When to use the edge

How do you decide if the edge is the correct place for a computational task? Gilabert said there are five key aspects to help you decide:

  • What’s the acceptable latency? “For predictive maintenance, five minutes is no big deal, you can run it in the cloud. But for operations, for example, an oil-producing pump where production drops due to sand in the pump, you need to know right now,” Gilabert said. “Make a decision as fast and as close as possible, and automatically if you can.”
  • What’s the role of the Internet? “At the edge, you’re not dependent on the connection to the Internet,” Gilabert said. “You can cut the connection, and send data once a day to the cloud, where it can be used to improve models and performance across the fleet. You can choose to do that or not. And if the connection is lost, that’s OK.”
  • What security is required? “Cloud connections may give no control over channels to vendors, which is a risk,” Gilabert said. “With the edge, you can send what you choose, for example, only the results, not the data, on interfaces you manage and control.”
  • Is cost a priority? The edge is cost-effective. “It can interact with existing architectures, with no need to rip and replace,” Gilabert said. You can run it in parallel with existing systems, bring on new programs and abilities, then slowly migrate as capabilities evolve. “Greenfields can use it directly, but with legacy systems, this can happen over many years,” he said. Let critical process control stay where it is, with redundancy, etc., and add secondary improvements, such as monitoring pump vibration and currents. He said, “It’s easier, cheaper and faster to deploy on the edge.”
  • Do you need interoperability? “With PCs in the field and Linux, it’s easy to develop drivers,” Gilabert said. “We work with a company dedicated to that. You can easily add a gateway and connect to the controllers, ours and others.”

Make the business case

In one example, a company has pumps in the field, hundreds of feet underground, with onsite controllers and memory cards. Traditionally, cards were collected from the controllers, returned to a central location, read and reviewed. “Instead, bring the data in and use machine learning to identify issues,” Gilabert said. With this approach, the company is now analyzing production issues as well as mechanical issues.
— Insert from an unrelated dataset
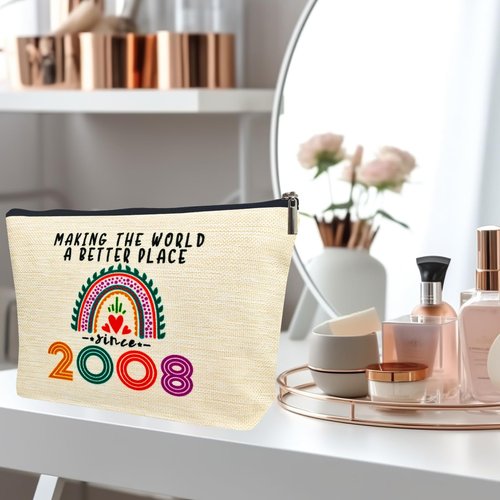 Suemetic 18th Birthday Decorations for Girls, 18 Year Old Girl Makeup Bags, 2008 Cool 18th Birthday Gifts for Teenage Girls Gift Ideas, Sister, Daughter, Cosmetic Travel Pouch, Christmas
But, AI needs experts to teach it, with asset-centric machine-learning models at the edge, to unlock the value. The end objective is the autonomous operator, with operators transferring their knowledge to machine learning systems.

“You can optimize a pump far beyond what could be done before,” Gilabert said. Operators can influence, control and improve accuracy. They can see inferred values, for example, a virtual flowmeter based on temperature and pressure readings, not just temperature and pressure. Safety and emissions people can see spills and alarms. “And, this is just the beginning,” he said.

“It’s not just a technical revolution. It also changes your relationships with your vendors,” Gilabert said. “Before, you owned it all. Now, you can pay for what you use, a subscriber model. Why own automation? Own your own business equipment, buy automation as a service and let the vendor optimize it. The models are continuing to grow, allowing you to focus on your own business.”

Business is changing, and you need to change how you do business. “Never start with the technology, start with the business problem,” Gilabert said. When a team that wanted to automate the wells went to management, management said no, it’s too expensive. They went back and added up the drive time of all the operators, which came to $7 million per year. When they showed that to management and said they could cut it in half, it was approved.

“Start small, prove value and scale up fast,” Gilabert said. Select the right problems and business cases, then pay attention to people. “The number one reason projects fail is not doing change management for the people and culture,” he said. “You need to change not just the technology, but the way you do work.”